-- Task goal --
Return the full listing character for character, without its pictures.

-- Data block --

================

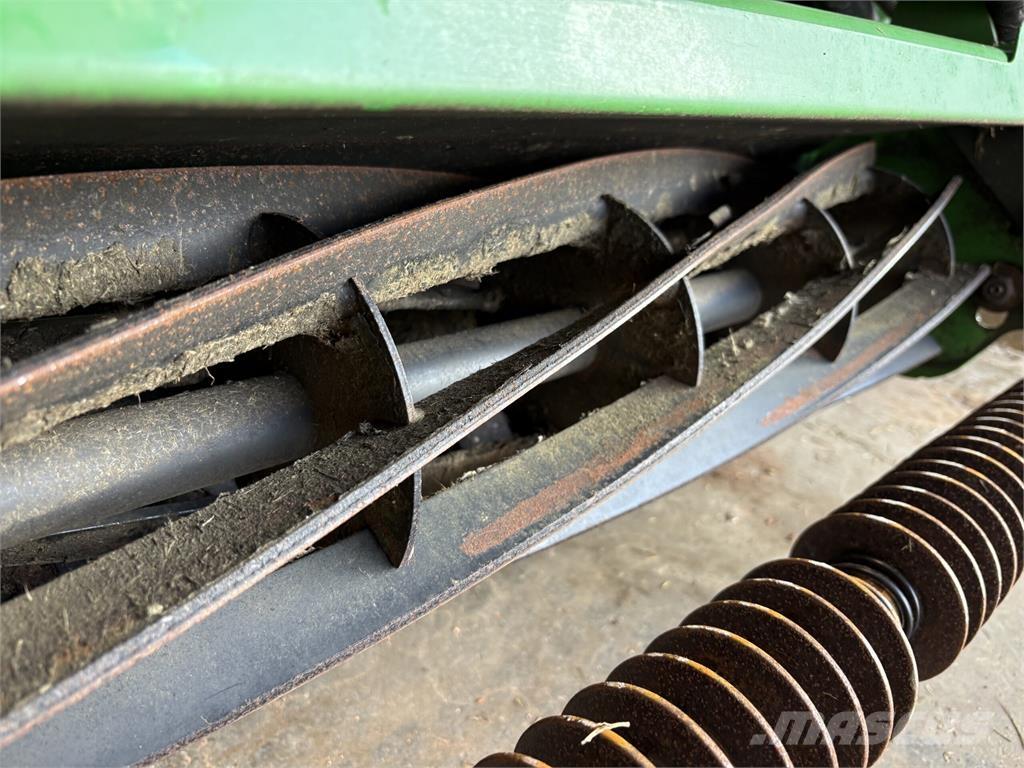 John Deere 7200A Бутащи се косачки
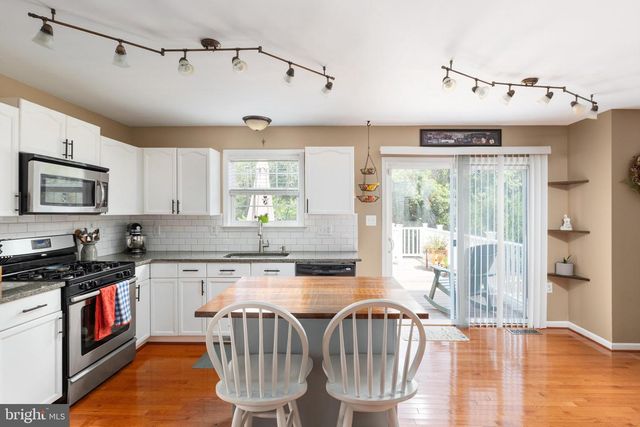 603 CRYSTAL LN, Strasburg, VA 22657
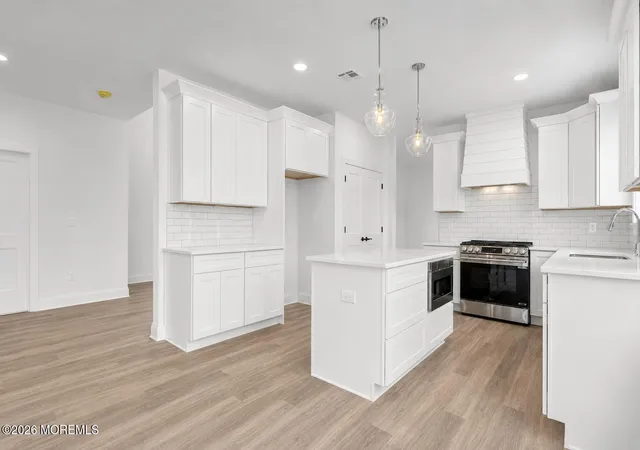 Photo 4 of Single family home for sale at 2 Southern Blvd, Bayville, NJ 08721 | MLS# 22620415 | Listing updated on 2026-07-07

================

-- Task response --
 John Deere 7200A Бутащи се косачки
 603 CRYSTAL LN, Strasburg, VA 22657
 Photo 4 of Single family home for sale at 2 Southern Blvd, Bayville, NJ 08721 | MLS# 22620415 | Listing updated on 2026-07-07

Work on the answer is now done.